Через несколько лет, уже в Вене, я встретил женщину, которую считаю своей настоящей женой. Рона младше меня на четверть века. Мое прикрытие – турфирма – требовала работы с высококвалифицированными переводчиками, и я искал их повсюду. И нашел здесь, в венском университете, куда пришел послушать лекцию о модернизме в австрийской живописи начала века. Мы начали встречаться, а потом стали жить вместе, и она никогда не задавала мне вопросов о женитьбе. Я почти успокоился. Но когда она забеременела, мне пришлось решать, как быть дальше. Расставаться мы не хотели, и я решился рассказать ей историю моей женитьбы. Она выслушала меня достаточно спокойно, только попросила дать ей возможность увидеть Ингу. Всю обратную дорогу из санатория она молчала, а потом сказала, что ни в чем меня не винит, а беспокоится только об одном: как найти возможность оформить наш брак, чтобы ребенок имел законных родителей.
– Я верю тебе и хочу прожить с тобой столько, сколько нам отпустит Господь Бог. И больше никогда не заговорю на эту тему. Если ты захочешь оставить меня – твое дело, но я стану самой несчастной женщиной на свете.
Я молчал, потрясенный великодушием Роны, ведь я переложил всю тяжесть такого непростого решения на ее плечи, а она оказалась мудрее меня.
Помолчав немного, она продолжила:
– Если мы будем вместе, поклянись мне, что наш ребенок никогда не узнает правды и не пострадает из-за твоей двойной жизни!

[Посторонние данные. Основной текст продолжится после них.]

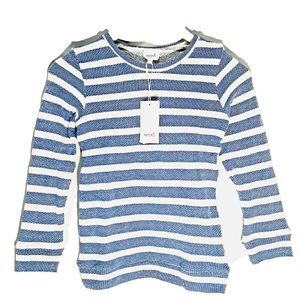 Seed Heritage Striped Knit Sweater Bright Cobalt Blue & White Girl's Size 8 - Picture 1 of 6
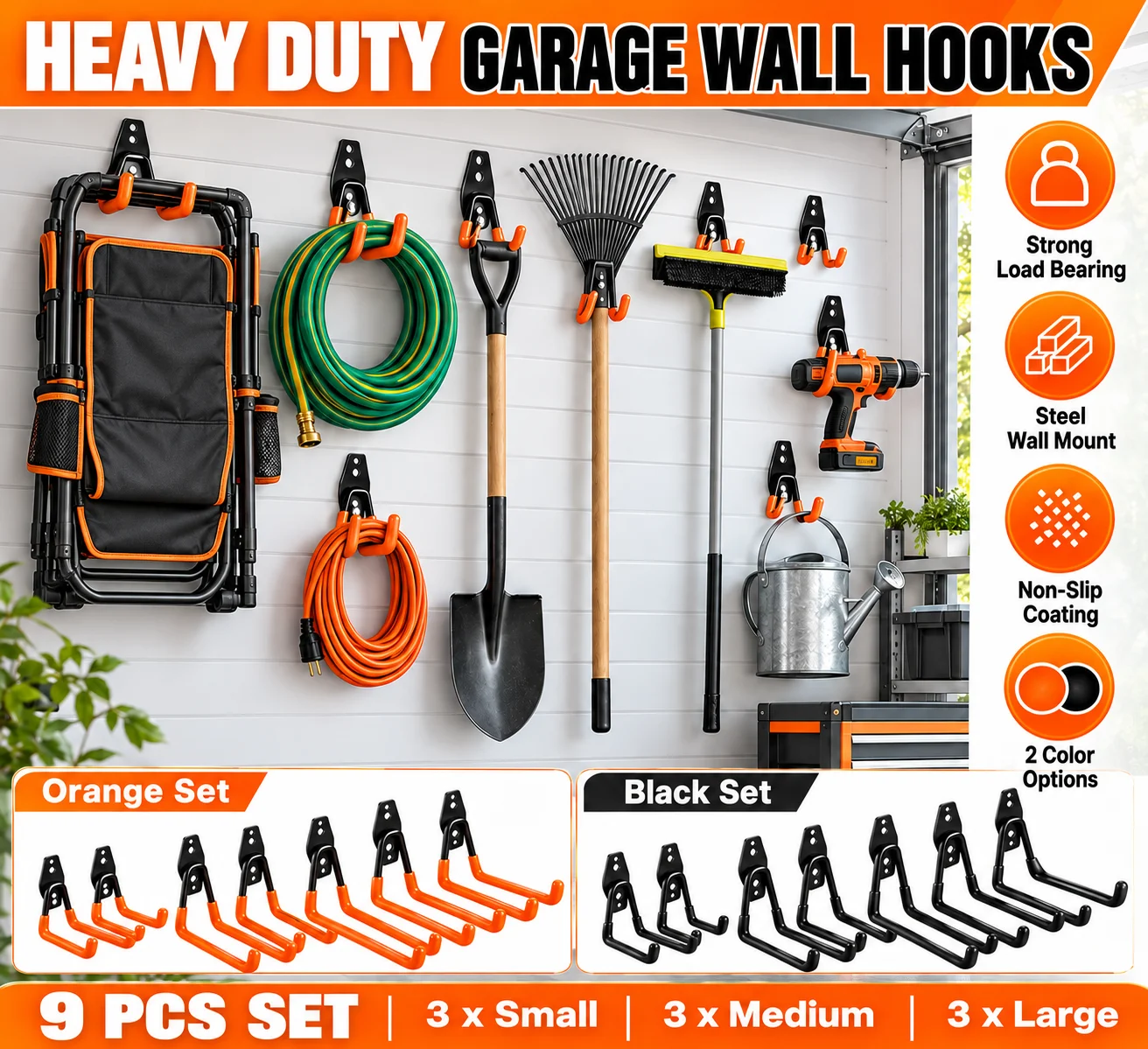 9PCS Heavy Duty Garage Wall Hooks 3 Sizes Steel U Hooks Non Slip Storage Hangers for Ladder Bike Tools Hose Black Orange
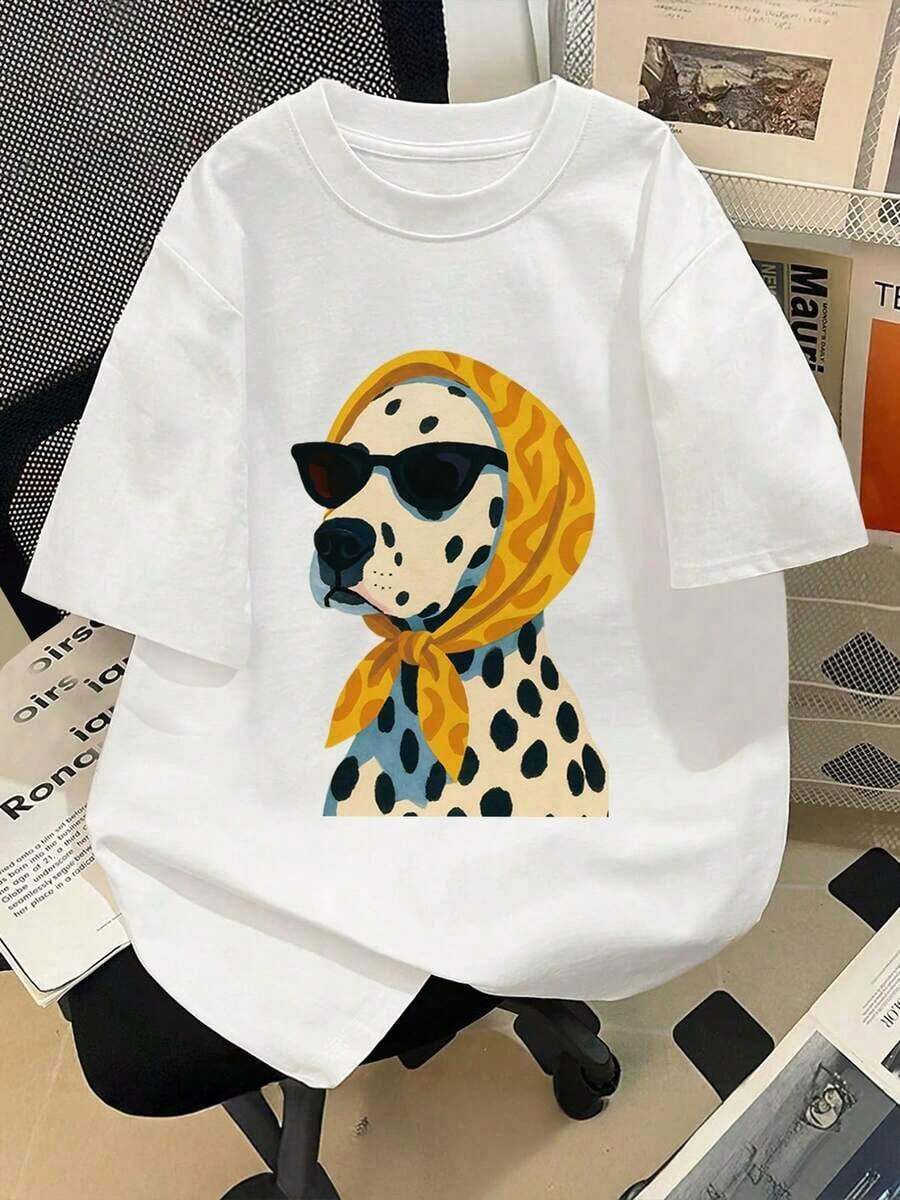 1 Piece Casual Fashion Outfit For Men And Women, New Short Sleeve T-Shirt With Round Neck And Dalmatian Dog Print, Plus Size 2026, Fashion Sunglasses, Suitable For Everyday Wear - 白色的 - 查看 1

И я поклялся и держал клятву до тех пор, пока Хранители не начали подыскивать кандидатуру для выполнения главной операции под кодовым названием «1995». Выбор пал на Леона Гардина, человека-невидимку, отверженного на родине и официально не существующего. Гардин – не Джеймс Бонд с идиотской победной ухмылкой, он агент высшего класса с хорошим образованием и светлой головой. Не машина, не сверхчеловек, но личность. Его яркая индивидуальность и глубокий духовный мир наравне с профессионализмом помогают находить решение самых трудных проблем и нащупывать выход из любой ситуации. Но главное его достоинство – изучение Каббалы. Он стал агентом по идейным, точнее, духовным соображениям, а именно такого спеца я искал.